__DIRECTIONS FOR THIS TASK__
Copy out all the lines of the data precisely, omitting any pictures.

__DATA PROVIDED__
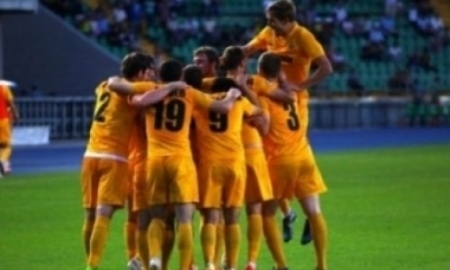 «KAZsport» покажет два матча Премьер-Лиги в прямом эфире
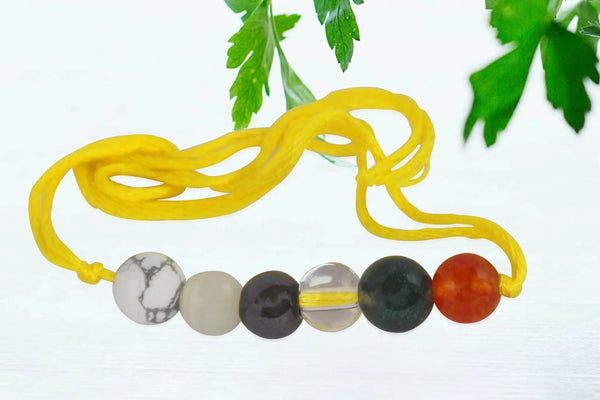 Health & Immunity Crystal Band for Positive Energy | Brahmatells by Brahmatells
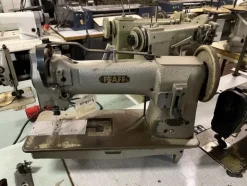 17#7419 Macchine per cucire e per calzatura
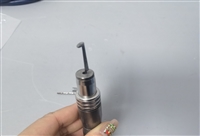 XIYI天津希翼 T624 铣刀保护套故障，找第三方维修公司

__COMPLETED TASK__
 «KAZsport» покажет два матча Премьер-Лиги в прямом эфире
 Health & Immunity Crystal Band for Positive Energy | Brahmatells by Brahmatells
 17#7419 Macchine per cucire e per calzatura
 XIYI天津希翼 T624 铣刀保护套故障，找第三方维修公司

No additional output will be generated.